Erin McElroy, a housing activist who runs the San Francisco Anti-Eviction Mapping Project, a data visualization initiative that illustrates how residents are being priced out of the city, said supporters of the measures were easily outgunned by moneyed tech interests. Airbnb, which is based in San Francisco, raised $8 million to defeat Prop F, papering the city with ads and billboards that touted the $12 million in tax revenue that it has generated for the city. Supporters managed to pull together only $800,000.
“Both of the initiatives lost largely … because the opposing sides have corporations and corporate interests backing them, which is a huge problem in politics,” she said. “It’s getting really outrageous.”
Housing rates have skyrocketed in San Francisco in recent years, propelled by the arrival of thousands of tech workers who are paid plush salaries and can keep up with rising rents. The median rent in the city crossed $4,200 per month earlier this year, according to Zillow, a real estate firm.
Sara Shortt, the executive director of the Housing Rights Committee of San Francisco, a housing advocacy group, said Tuesday’s election results signaled a willingness by the city to accommodate its wealthiest residents, at great cost to its middle class.
“The priorities of the city right now [are] not to support middle-class people. It seems to support only millionaires,” she said. “I think that we could more easily accommodate working professionals and white-collar, middle-class families if we weren’t bending over backwards to accommodate those with enormous sums of money.”
There was, nevertheless, a silver lining for housing advocates. Aaron Peskin, a former member of San Francisco’s Board of Supervisors and a vocal critic of the mayor, reclaimed a seat on the board. And voters overwhelmingly approved a $310 million bond to build and preserve subsidized housing units.
Of course, not all Bay Area residents framed the election battles in the same way.
Enrico Moretti, a labor economist at the University of California at Berkeley, said that Prop F would not have altered the housing market in any meaningful way and that Prop I would have actually exacerbated the problem by driving down the supply of rental units. The real culprit driving the crisis, he said, was the slow process of developing housing.
“The No. 1 factor that’s responsible for the high increase in San Francisco is the land use process and the planning process. It’s the fact that it’s hard to add new units, and it’s been increasingly hard for 30 years,” he said. “All the academic evidence points to the fact that cities that are going through tech booms that have been more proactive in allowing new housing units tend to experience lower increases in rent.”
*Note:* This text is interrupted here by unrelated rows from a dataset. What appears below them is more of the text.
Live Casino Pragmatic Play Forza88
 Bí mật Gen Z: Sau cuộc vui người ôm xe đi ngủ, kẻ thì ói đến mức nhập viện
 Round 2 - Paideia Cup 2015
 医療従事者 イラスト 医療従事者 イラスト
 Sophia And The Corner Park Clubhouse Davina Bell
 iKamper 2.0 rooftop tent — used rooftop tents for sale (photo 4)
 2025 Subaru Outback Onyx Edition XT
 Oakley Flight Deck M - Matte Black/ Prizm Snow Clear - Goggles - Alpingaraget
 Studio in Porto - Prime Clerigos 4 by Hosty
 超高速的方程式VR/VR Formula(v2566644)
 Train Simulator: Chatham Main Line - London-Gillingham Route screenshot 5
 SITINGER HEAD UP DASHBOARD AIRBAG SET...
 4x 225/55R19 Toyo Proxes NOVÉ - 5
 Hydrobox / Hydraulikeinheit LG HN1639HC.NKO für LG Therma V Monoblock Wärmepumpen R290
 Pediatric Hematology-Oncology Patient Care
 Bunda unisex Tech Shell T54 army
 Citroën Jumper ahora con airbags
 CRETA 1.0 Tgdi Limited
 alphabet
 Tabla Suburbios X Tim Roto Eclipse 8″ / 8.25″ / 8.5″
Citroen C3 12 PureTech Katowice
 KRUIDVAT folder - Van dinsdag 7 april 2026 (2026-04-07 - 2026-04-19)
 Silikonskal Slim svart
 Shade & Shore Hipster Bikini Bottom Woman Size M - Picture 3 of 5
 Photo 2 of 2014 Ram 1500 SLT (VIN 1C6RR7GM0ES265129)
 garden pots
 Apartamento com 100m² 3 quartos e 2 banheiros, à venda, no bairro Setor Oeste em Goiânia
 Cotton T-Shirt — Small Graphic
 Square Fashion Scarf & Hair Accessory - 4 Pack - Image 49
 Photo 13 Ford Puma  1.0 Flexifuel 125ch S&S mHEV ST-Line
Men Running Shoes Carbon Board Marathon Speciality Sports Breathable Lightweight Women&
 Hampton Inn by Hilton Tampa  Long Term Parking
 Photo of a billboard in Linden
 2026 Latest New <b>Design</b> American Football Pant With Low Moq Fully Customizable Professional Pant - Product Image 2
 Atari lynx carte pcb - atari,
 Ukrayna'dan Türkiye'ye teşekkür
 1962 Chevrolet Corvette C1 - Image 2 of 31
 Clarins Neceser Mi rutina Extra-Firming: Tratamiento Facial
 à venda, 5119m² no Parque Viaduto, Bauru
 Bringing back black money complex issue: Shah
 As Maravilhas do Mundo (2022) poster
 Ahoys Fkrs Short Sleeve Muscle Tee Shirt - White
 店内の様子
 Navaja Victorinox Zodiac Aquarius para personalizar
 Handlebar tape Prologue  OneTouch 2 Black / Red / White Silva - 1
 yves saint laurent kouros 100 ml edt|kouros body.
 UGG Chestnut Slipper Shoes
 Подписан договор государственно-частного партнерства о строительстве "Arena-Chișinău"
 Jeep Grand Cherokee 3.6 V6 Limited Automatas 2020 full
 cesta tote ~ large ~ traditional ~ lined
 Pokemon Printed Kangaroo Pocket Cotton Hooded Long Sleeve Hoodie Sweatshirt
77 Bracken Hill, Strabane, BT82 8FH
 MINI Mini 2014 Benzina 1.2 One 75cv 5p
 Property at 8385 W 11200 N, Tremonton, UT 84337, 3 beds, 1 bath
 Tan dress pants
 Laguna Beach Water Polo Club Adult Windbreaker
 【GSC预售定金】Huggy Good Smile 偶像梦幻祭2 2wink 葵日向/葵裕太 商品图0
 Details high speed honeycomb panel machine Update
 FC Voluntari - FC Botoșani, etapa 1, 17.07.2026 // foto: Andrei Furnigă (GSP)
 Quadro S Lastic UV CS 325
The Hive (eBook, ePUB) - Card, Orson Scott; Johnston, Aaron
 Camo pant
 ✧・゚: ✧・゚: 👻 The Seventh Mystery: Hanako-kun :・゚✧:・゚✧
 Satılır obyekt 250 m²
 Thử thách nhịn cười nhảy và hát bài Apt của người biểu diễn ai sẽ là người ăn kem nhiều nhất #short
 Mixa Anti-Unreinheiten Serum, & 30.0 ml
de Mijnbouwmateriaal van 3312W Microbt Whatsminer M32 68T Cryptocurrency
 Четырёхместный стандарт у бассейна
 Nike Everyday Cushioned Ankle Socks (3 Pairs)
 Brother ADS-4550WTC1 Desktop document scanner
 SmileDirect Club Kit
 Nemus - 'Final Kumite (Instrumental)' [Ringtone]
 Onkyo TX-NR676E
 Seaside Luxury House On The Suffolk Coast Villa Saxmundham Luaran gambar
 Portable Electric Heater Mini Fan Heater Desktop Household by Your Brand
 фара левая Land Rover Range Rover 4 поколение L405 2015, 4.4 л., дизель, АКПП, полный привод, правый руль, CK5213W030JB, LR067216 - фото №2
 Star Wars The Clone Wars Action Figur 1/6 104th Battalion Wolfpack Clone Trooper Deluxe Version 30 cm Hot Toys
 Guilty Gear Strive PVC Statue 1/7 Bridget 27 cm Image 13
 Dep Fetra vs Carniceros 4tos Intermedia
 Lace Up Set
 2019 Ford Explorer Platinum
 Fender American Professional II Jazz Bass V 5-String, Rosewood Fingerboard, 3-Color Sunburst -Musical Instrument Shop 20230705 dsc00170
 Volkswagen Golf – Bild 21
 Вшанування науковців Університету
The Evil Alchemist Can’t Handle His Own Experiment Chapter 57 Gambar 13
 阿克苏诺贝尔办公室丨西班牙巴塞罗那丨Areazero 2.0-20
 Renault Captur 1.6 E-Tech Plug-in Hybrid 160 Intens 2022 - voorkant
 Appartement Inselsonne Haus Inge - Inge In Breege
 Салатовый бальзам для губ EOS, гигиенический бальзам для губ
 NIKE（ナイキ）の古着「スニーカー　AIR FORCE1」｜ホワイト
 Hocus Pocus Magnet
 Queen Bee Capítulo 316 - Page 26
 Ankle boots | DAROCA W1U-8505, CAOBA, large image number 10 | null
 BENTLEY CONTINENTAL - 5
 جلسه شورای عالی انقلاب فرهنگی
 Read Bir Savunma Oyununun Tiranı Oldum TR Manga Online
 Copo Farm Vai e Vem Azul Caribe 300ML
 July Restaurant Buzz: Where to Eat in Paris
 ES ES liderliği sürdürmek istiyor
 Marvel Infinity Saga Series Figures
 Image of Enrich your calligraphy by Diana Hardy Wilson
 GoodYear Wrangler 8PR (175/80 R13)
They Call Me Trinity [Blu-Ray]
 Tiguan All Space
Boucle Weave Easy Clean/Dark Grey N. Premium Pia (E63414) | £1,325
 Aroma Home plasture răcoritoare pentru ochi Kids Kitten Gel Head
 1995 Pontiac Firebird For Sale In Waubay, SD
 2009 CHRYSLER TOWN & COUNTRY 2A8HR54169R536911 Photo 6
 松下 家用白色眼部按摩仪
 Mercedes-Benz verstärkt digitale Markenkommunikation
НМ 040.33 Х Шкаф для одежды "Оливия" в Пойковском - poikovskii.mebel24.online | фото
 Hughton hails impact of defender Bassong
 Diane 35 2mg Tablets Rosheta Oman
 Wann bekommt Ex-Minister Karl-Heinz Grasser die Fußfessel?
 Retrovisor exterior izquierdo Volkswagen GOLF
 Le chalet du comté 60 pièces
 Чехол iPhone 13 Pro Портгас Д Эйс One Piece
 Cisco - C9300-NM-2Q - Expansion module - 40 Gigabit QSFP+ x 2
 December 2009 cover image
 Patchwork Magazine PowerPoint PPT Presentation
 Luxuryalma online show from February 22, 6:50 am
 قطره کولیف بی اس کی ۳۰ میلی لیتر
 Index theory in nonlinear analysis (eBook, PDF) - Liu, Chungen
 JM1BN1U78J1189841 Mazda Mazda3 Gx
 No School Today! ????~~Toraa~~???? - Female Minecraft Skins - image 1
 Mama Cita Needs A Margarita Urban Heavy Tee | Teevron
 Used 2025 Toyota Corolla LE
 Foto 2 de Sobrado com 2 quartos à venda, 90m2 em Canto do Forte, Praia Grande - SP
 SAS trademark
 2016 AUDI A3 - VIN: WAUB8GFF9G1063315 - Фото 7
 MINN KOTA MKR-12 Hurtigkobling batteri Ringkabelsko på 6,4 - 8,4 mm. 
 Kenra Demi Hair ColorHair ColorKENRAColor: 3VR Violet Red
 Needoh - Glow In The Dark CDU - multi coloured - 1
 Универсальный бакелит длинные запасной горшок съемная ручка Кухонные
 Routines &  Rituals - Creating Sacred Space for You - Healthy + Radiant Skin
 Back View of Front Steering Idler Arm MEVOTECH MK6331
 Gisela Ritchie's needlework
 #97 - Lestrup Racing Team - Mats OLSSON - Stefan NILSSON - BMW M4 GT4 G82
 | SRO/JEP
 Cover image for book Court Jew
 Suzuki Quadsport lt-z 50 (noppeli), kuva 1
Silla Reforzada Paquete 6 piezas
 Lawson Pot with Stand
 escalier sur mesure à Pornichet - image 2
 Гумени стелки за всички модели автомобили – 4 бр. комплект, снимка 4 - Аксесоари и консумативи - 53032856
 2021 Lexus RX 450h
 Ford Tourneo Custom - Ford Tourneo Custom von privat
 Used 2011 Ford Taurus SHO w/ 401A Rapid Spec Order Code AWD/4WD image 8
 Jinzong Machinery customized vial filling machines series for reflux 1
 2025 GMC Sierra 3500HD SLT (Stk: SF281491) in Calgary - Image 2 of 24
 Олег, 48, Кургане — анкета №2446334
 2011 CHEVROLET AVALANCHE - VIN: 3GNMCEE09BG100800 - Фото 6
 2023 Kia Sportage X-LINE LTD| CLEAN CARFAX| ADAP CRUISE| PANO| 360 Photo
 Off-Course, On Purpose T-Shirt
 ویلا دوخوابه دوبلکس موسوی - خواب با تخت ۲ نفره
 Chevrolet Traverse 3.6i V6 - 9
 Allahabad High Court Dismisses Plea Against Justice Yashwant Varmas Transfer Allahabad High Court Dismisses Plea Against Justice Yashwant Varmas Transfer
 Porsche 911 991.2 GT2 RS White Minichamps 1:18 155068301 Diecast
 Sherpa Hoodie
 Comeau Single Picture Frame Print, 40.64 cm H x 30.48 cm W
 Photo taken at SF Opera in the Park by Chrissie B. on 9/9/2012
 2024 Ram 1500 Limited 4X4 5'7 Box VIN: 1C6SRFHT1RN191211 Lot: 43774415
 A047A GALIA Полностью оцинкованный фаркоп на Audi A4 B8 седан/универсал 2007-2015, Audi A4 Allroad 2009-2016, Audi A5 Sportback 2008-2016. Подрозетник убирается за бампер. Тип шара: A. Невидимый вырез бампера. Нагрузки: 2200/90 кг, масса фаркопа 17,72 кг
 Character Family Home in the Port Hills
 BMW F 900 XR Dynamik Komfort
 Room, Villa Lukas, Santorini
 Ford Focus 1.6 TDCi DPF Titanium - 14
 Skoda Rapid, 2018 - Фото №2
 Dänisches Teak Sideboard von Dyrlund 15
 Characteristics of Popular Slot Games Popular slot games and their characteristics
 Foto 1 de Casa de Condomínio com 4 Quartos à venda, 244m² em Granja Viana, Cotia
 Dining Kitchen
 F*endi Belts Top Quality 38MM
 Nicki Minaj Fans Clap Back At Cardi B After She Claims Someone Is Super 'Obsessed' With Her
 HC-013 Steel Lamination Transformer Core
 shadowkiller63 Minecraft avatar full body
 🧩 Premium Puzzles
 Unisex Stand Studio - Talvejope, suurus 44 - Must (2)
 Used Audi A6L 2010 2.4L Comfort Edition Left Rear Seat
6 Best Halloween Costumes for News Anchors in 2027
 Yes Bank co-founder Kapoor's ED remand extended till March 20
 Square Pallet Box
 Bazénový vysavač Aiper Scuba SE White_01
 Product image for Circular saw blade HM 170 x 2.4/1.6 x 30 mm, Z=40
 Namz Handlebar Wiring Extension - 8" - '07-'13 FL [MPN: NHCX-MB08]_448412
Moretti added that although the tech industry had been vilified by the “extreme left,” many residents appreciated its contributions to the city.
“There’s frustration at rising rents, but I think people also realize that having more jobs and higher-paying jobs tends to be a good thing for the local economy,” he said. “I think that tech is not as hated by residents as the media like to portray.”
Airbnb heralded the results as a victory for middle-class San Franciscans who are using the new home-sharing economy to pocket extra income to make their own rents.
“Tonight, voters stood up for middle-class families’ right to share their home and opposed an extreme, hotel-industry-backed measure,” Airbnb’s head of global policy said in a statement. “In this election, the Airbnb San Francisco home-sharing community became a movement, showing up at the polls in large numbers and voting overwhelmingly against an effort designed by the hotel industry that targeted the right of the middle class to use home sharing as an economic lifeline.”
Shortt said more was at stake if the city cannot find a way to alleviate the dire situation.
“San Francisco is no longer the crowning glory of the progressive movement … We have a lot of people still here fighting, certainly, but City Hall has become truly captive to Big Money interests over the needs of the people,” she said. “And the more that the not-uber-rich are displaced from this city, the more we will see the political patterns shift as well.”